Patent Attorneys Happy, Pirate Party Concerned

The Pirate Party of New Zealand congratulates MPs on the intent to limit the patenting of computer software in the new Patents Act, which passed its third reading in Parliament on 27 August, and will soon become law. While the original, clear wording that “a computer program is not an invention” is still modified by the weasel words “as such”, a series of clauses have been added to clarify exactly what “as such” actually means; “A claim in a patent or an application relates to a computer program as such if the actual contribution made by the alleged invention lies solely in it being a computer program.” The example given is a new technique for getting clothes clear, involving a new design for a washing machine which could include software aspects.

However, while lobby groups against software patents are treating this as a victory, the Pirates are concerned that NZ Institute of Patent Attorneys are doing the same, saying in their 2 September press release:

“When the 1953 Act was passed, there were less than 100 computers in the world, and the transistor had just been conceived…. the new Act will help patent attorneys support New Zealand businesses to be more innovative and to take those innovations to the world.”

Pirate Party President Kirk Twist says:

“When patent attorneys start rubbing their hands in glee at the new Act, after having objected loudly to the original wording, we have to take a closer look.
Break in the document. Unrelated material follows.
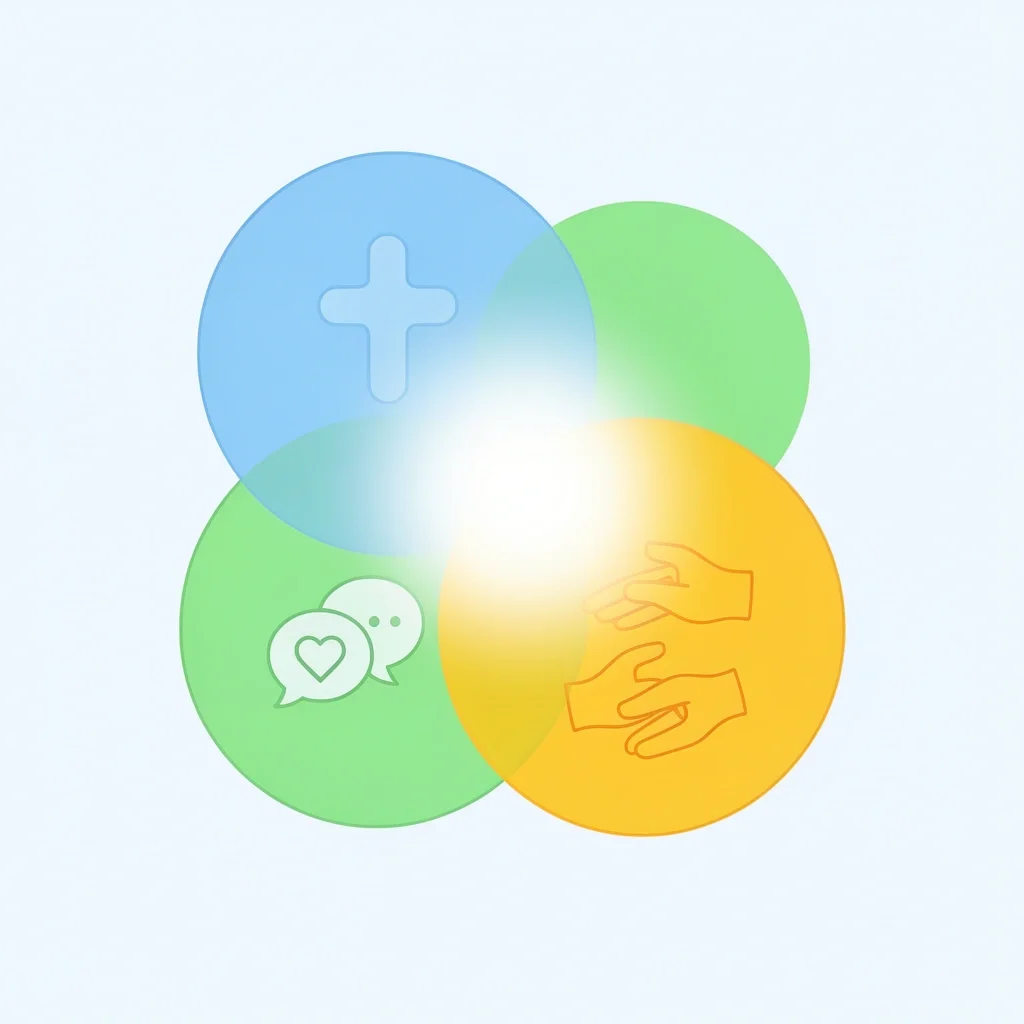 One Flesh Three Levels Marital Union Diagram Three interlocking circles colored blue, green, and yellow with symbols of faith, emotional connection, and physical intimacy, merging into a glowing center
Will the new Act will really protect small companies and open source communities who can’t afford legal defence from the use of patents to extract settlement money from them, or to block their work in favour of a larger competitor?”
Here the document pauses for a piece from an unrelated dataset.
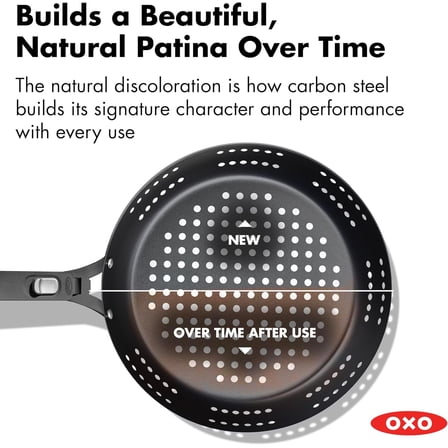 Obsidian Pre-Seasoned Carbon Steel 12" Frying Pan Skillet with Holes for Grilling, Induction, Oven Safe, Black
Twist points out that patents are already being used in attempts to control new styles of general purpose computer, like tablets and hand-helds (“smartphones”):

“The question is, if this bill had been passed in the USA before the invention of the graphical user interface, could Xerox have claimed that the software implementation was part of the machinery of a new screen, and used the “as such” exception to patent it? If so, how could the public possibly benefit from developers having to pay royalties to Xerox every time they offered users a new kind of graphical interface for a computer screen?”

The Pirates also worry that the “as such” exception will be an incentive for further moves away from general purpose computers, which can run any kind of software, and towards computerized appliances which are limited to the handful of functions intended by their manufacturers. A patent on such appliances, including their software, would not be a patent on software “as such”.